There certainly is such a thing as a stupid question.
Warning: Mean streak surfaces
Profound thought is not necessarily evident in the following, a sampler of annoying (to my condescending and intolerant self) hub questions.
As I read Hub questions, I often find myself alternating between cynicism and the urge to mock people. Sometimes I just want to become Henny Youngman (Look him up.) but the terse one-liners are too short. Sometimes I just want to be mean and nasty.
The cynicism stems from the number of questions that scream, “The artificial nature of Hub scoring dictates that I ask questions, ergo, I ask questions. Quality need not apply. The mockery is provoked by questions that are too doofilanimous for a response.
For example, I found these on the first five pages of questions in one evening. As you might expect, the same source often asked several of the building question karma questions that waste everyone’s time:
What are some Civil War recipes?
Answer: First, threaten to outlaw slavery….oh, that’s too easy.
Alternative answer: Well, take three medium-sized rebels and six onions….
As US citizens we have certain rights but do we not also have certain responsibilities?
Answer: No.
Alternative answer: Yes/no questions might not be the best way to go to initiate dialogue. But really, do you expect anyone to support the negative on this? Okay, you asked a question. One point.
Has anybody heard what Romney plans to do about the economy?
Answer: Yes.
Alternative answer: Really? What else is anyone talking about? Do you really expect an answer or is this just another pathetic way to ask one more question?
Bonus answer: Do you want his name?
Another point.
What would be a good idea for a new book?
Answer: Really? That is a question that you pose to a company of writers and would-be writers? Why would I tell you?
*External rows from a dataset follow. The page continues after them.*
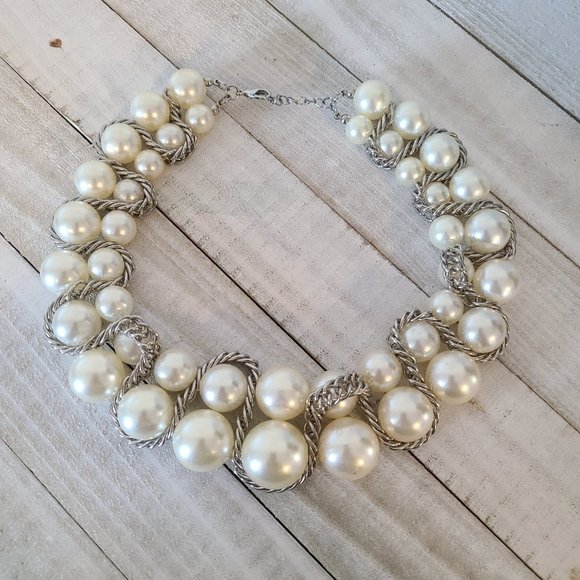Vintage Statement Collar Necklace Graduated Faux Pearls Silver Chain Weave - Picture 9 of 12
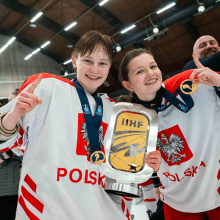 Julia Łapińska z koleżanką z reprezentacji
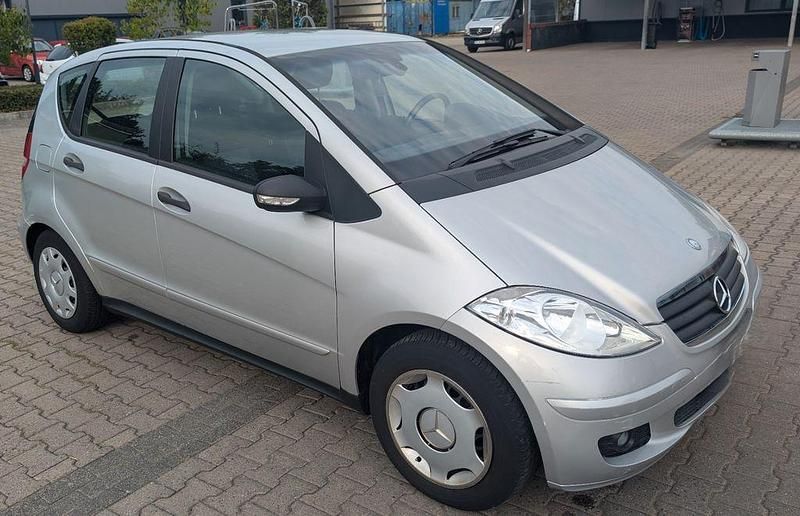 Silber Gebraucht 2006 Mercedes A150 Classic Van / Kleinbus | 2.490 € (Guter Preis) - Bild 1/4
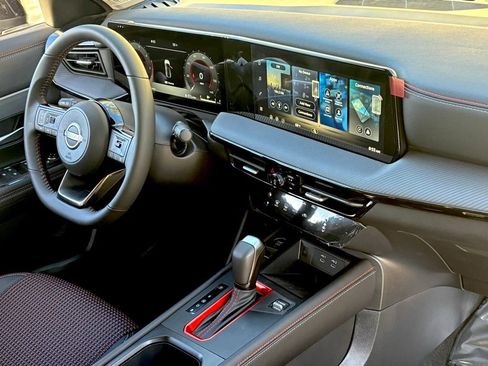 New 2026 Nissan Kicks SR FWD image 22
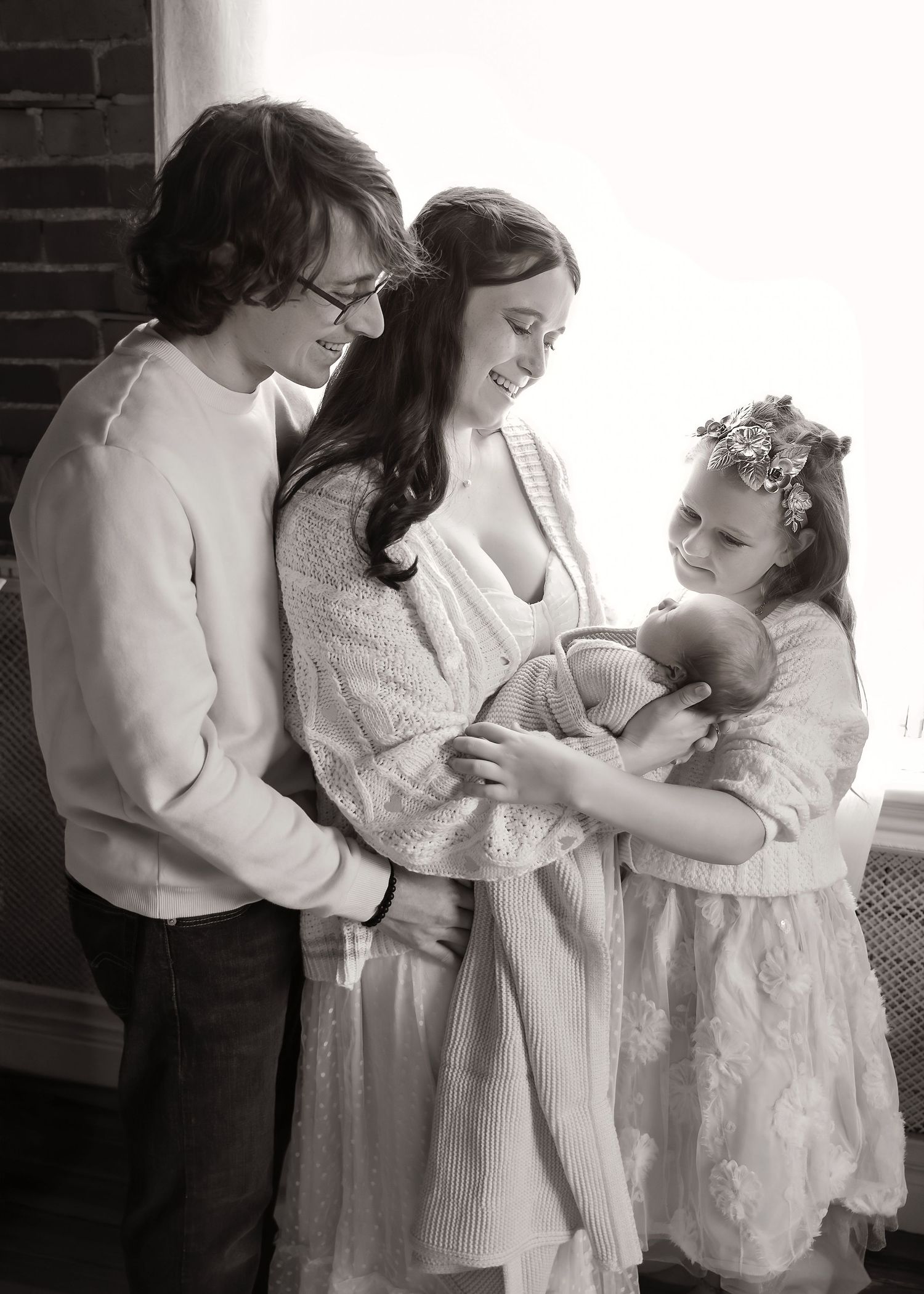 Lifestyle Newborn photoshoot in Central Illinois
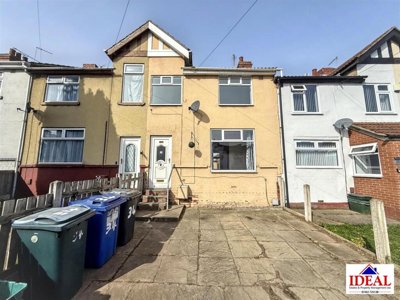 Property on Wellington Road, DN12 1AQ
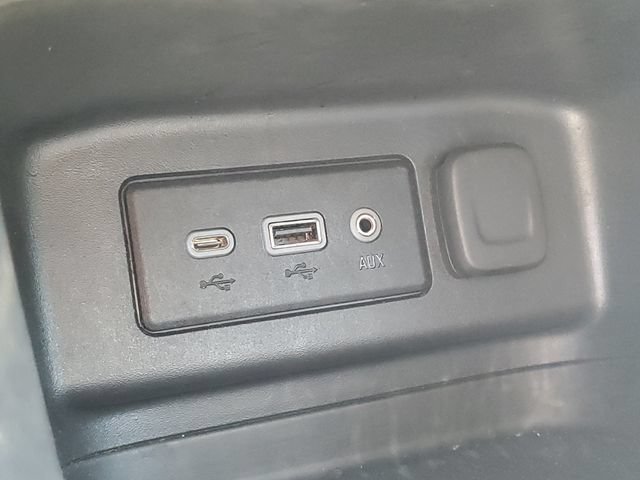 Certified 2020 Chevrolet Equinox LT w/ Driver Convenience Package FWD image 18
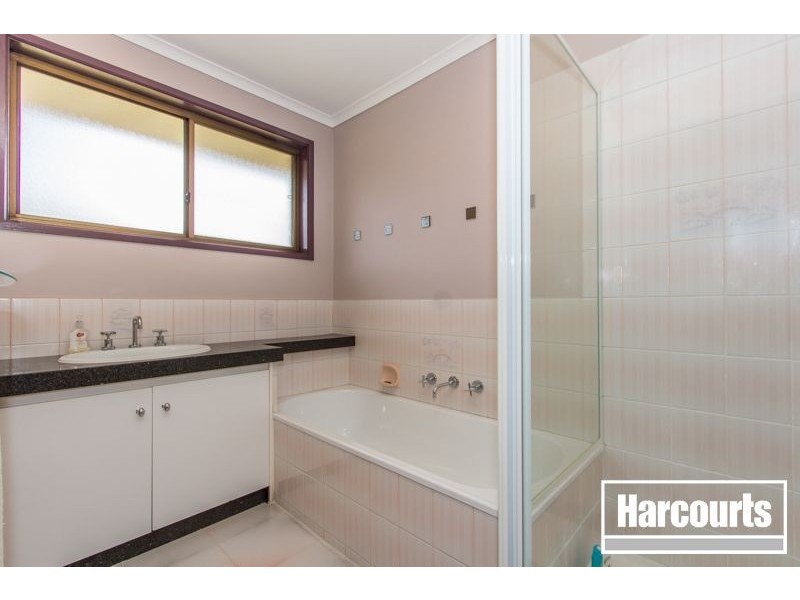 11 Jasmine Court, Cranbourne North VIC 3977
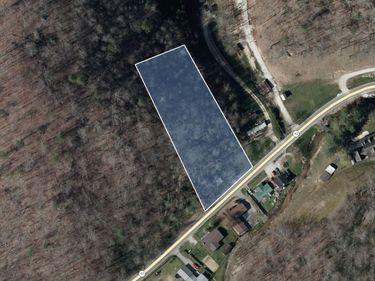 4908 Tomahawk Road, Tomahawk, KY 41262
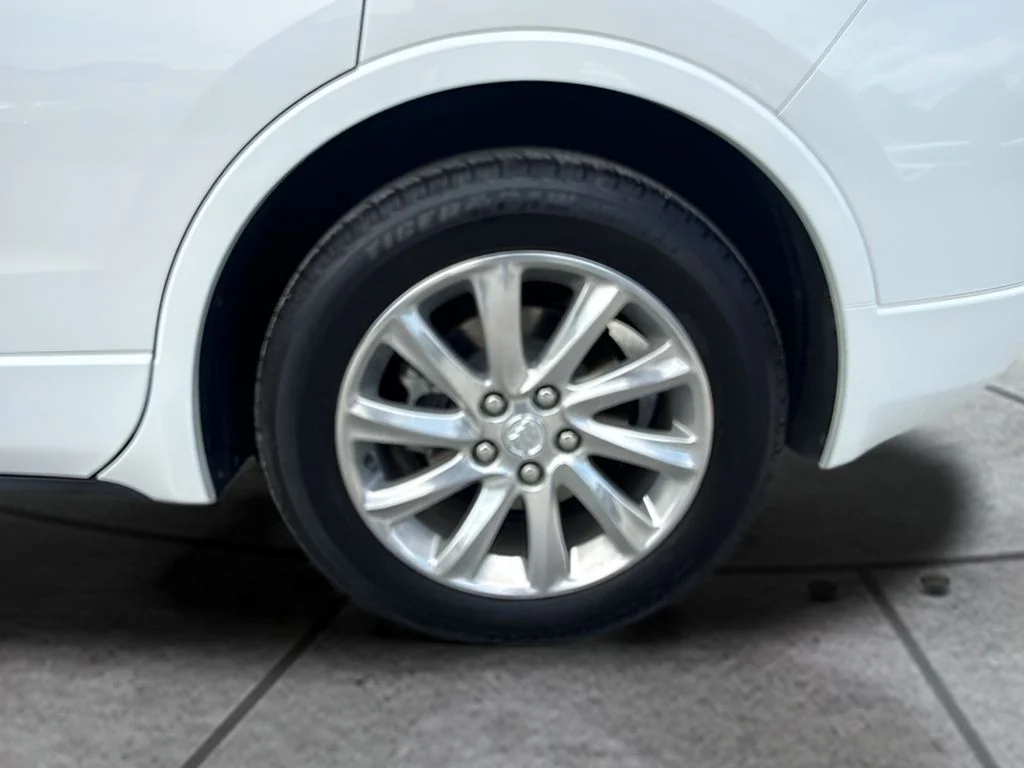 Used 2020 White Buick Essence image 21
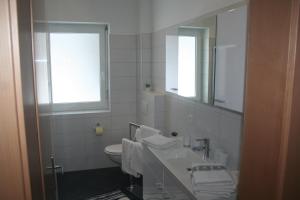 A bathroom at Ferienwohnungen Fritz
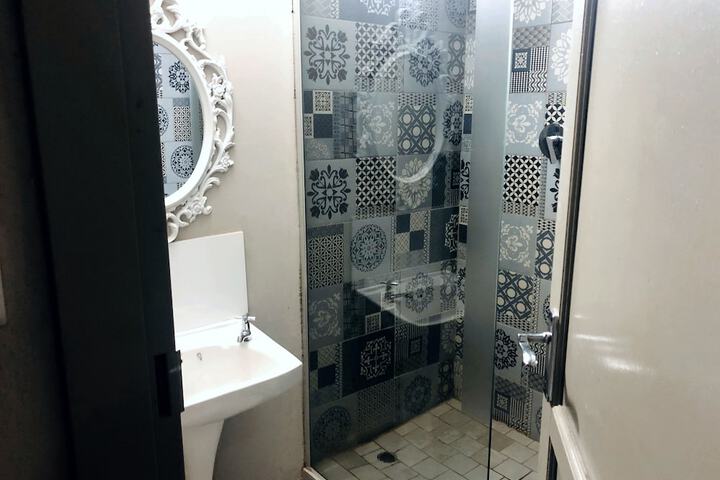 Room 193 of 241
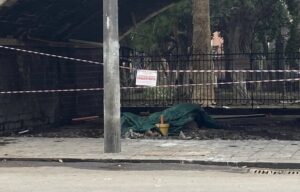 Approfittano del caos nubifragio per costruire un chiosco abusivo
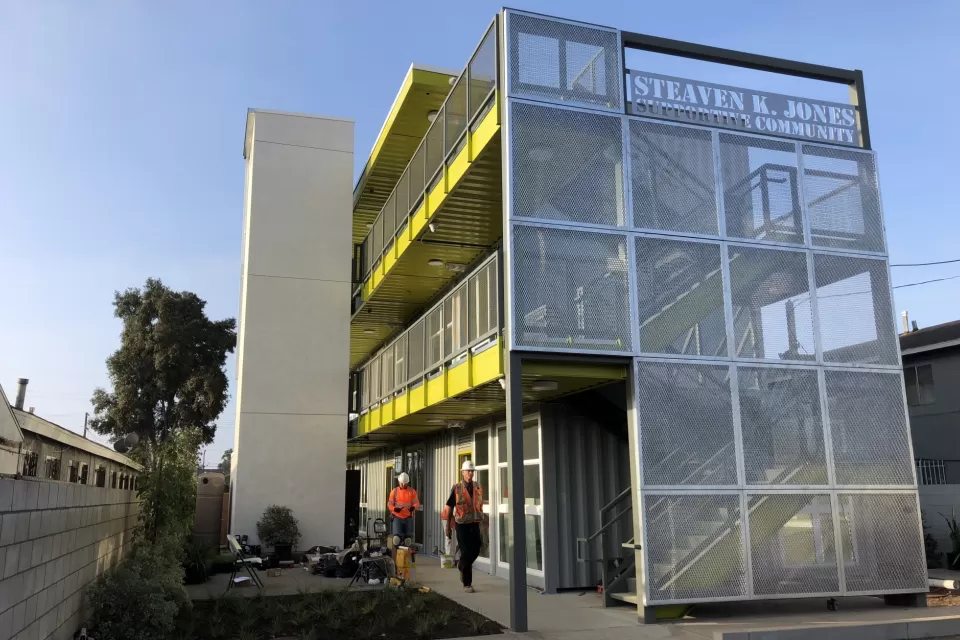 FlyawayHomes shipping container apartments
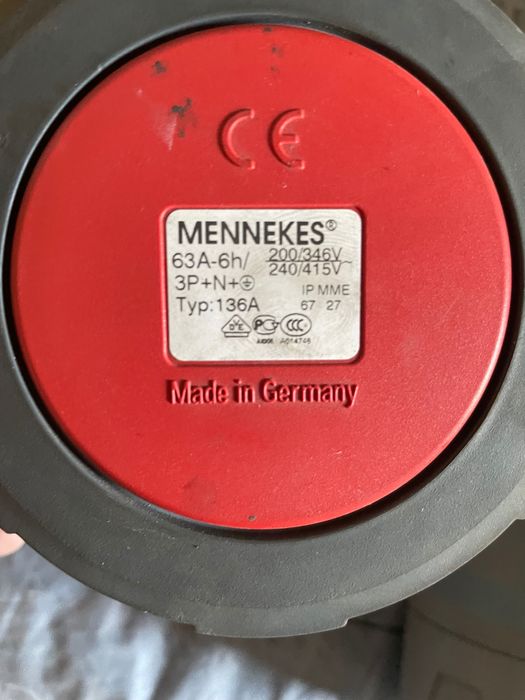 Вилка и розетка трехфазная Mennekes (Germany)
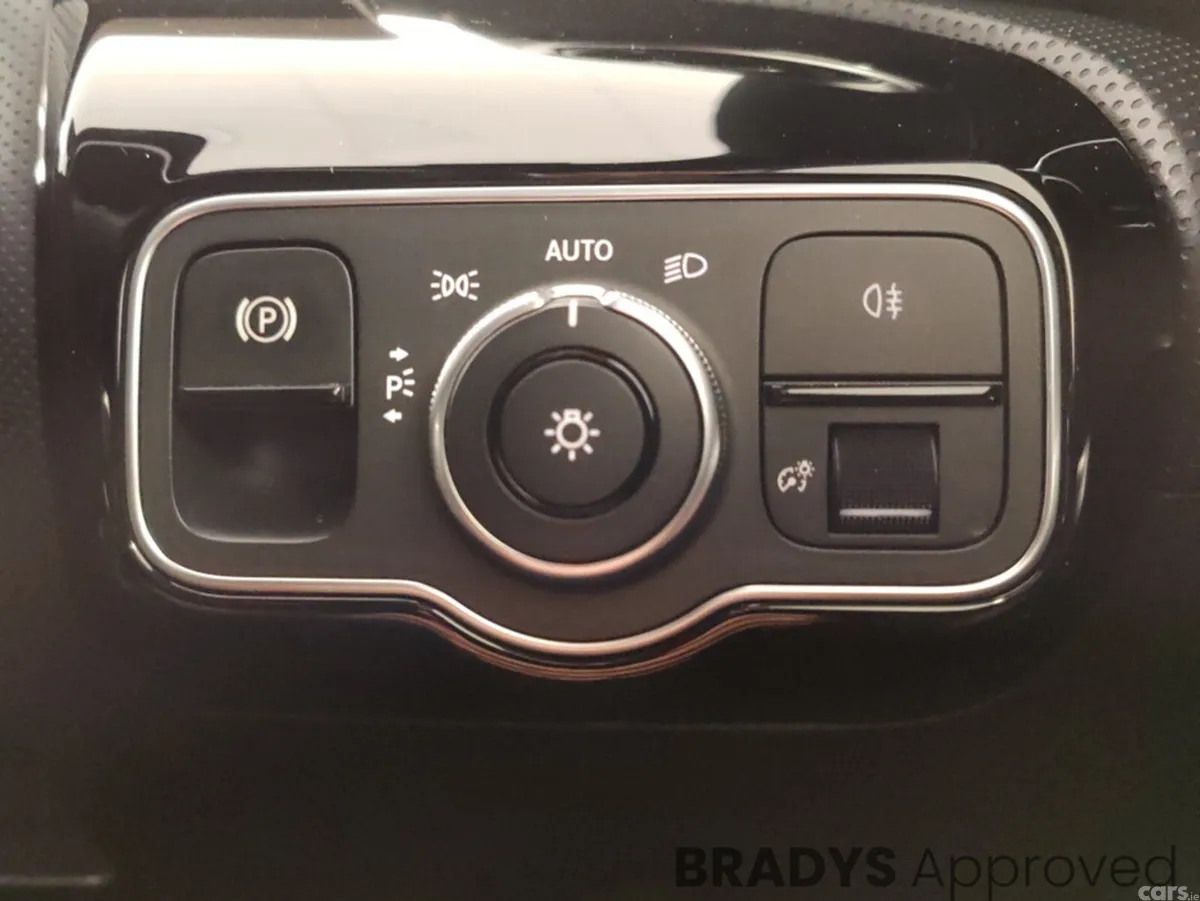 Mercedes-Benz A-Class Estate, Petrol, 2019, White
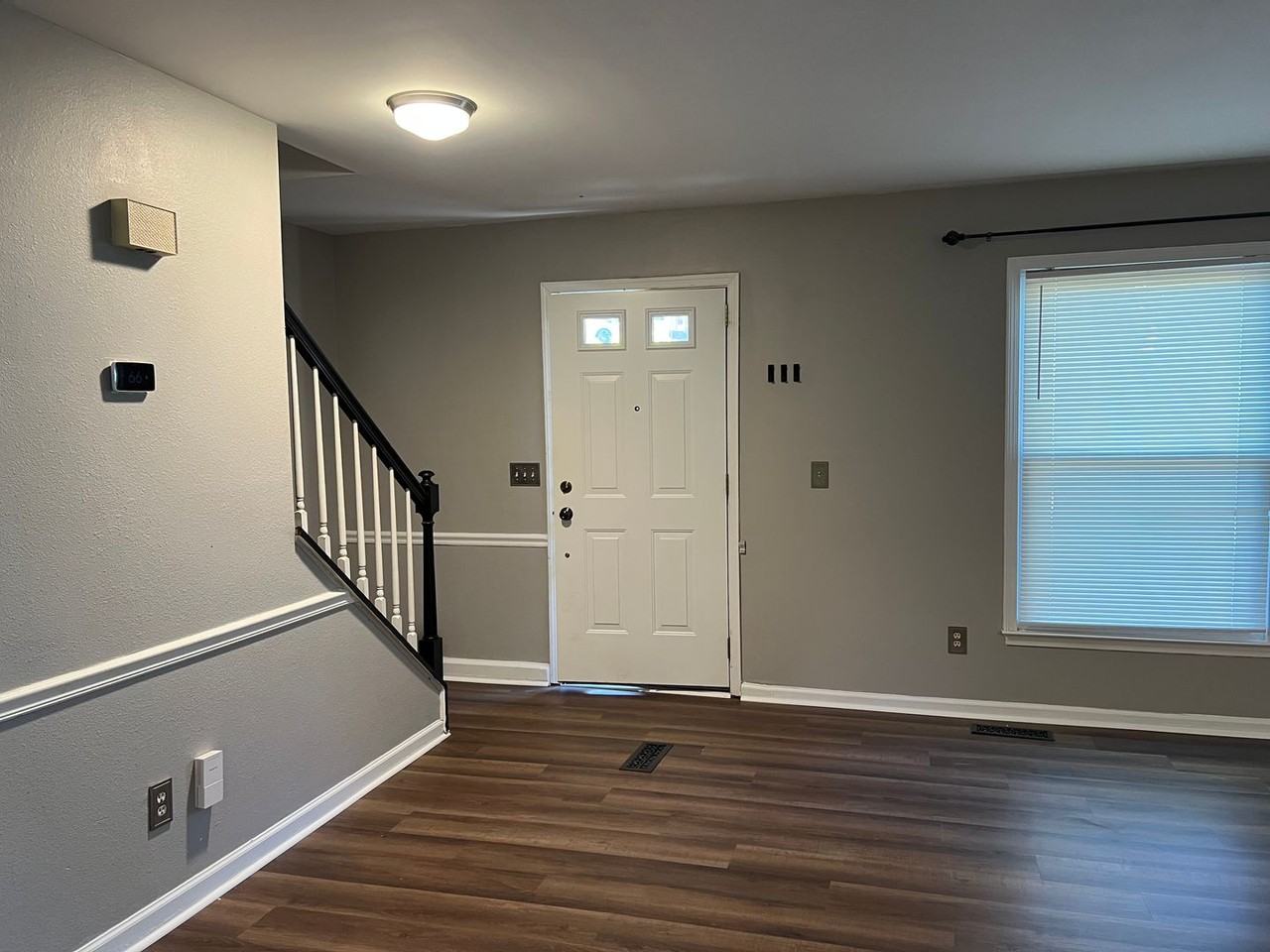 5912 Pine Tree Ct - Photo 2 of 17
After all, isn’t everyone going to write that book…someday?
Alternative answer: If you have to ask, the answer won’t do you any good. But…
Another point.
What are the best books about the holocaust?
Uh oh.
Answer: From whose point of view? Some really old men in Argentina might give a different answer from a sadist in Milwaukee.
Alternative answer: What do you mean by “best”? Are you looking for a nonfiction analysis or something like Elie Wiesel’s Night? Anne Frank’s Diary of a Young Girl? Or several flippant/tasteless jokes I am not about to attempt lest I be drawn and quartered?
What are the top books every woman should read?
Answer: Those farthest from the bottom.
Alternative answer: What does “top” mean? ---Ooooh! No, you probably didn’t mean that on a G-rated website.
Answering-question-with-question answer: How would you respond if I asked what the top book men should read is?
Can anyone please explain the Obama health plan?
Answer: I imagine so.
Alternative answer: Is there an intelligent question in there somewhere or do you want to stick with this, ‘Why is there air’ non-question? What do you want to know?
Which state has the most electoral votes?
Answer: Look it up, you lazy ….
Alternative answer: Really! Look it up.
How many ways can you prepare shrimp?
Answer: One, “Sit down, Shrimp, I’m afraid I have some bad news….”
Alternative answer: “Now, I know that the water looks as if it is boiling, but if it only hurts for a little while.”
How fast can a human being run?
Answer: How fast is his pursuer?
Alternative answer: Is that a shotgun or a grenade launcher?
Have you ever been on TV?
Answer: Yes.
Alternative answer: No
One more: Really? Couldn’t you ask something more superficial?
What is duplicate content?
Answer: Didn’t you just ask that?
Alternative answer: Didn’t you just ask that?
Do fresh eggs float?
Answer: Yes.
Alternative answer: Woman, get a bowl of water and an egg. This is about the sixth stupid question (Yes, there are some…) you have asked in the past hour.
Final Answer: I'm wondering if you would.
What is a vidalia onion?
Answer: What is a dictionary?
Alternative answer: Who is wasting my time?
Bonus answer: Really, do you think that this question will spur discussion or debate?
Does this guy think he's funny?
And those were from the first five pages of questions.
Okay, I get that asking and answering questions is required of hubbers, but shouldn’t there also be a penalty for asking obvious questions instead of those that might be inspire insight or require readers to look at life from a different angle?
I know, you’re question is, “Does this guy think he’s funny?
Not so much, but I hope that I might spur some discussion about what do about those who ask yes/no questions or questions that can be answered by asking Jeeves in less time than it takes to post the question.
Is this duplicate content because I quoted questions?
Hmmm, maybe I can ask that question to build up my score!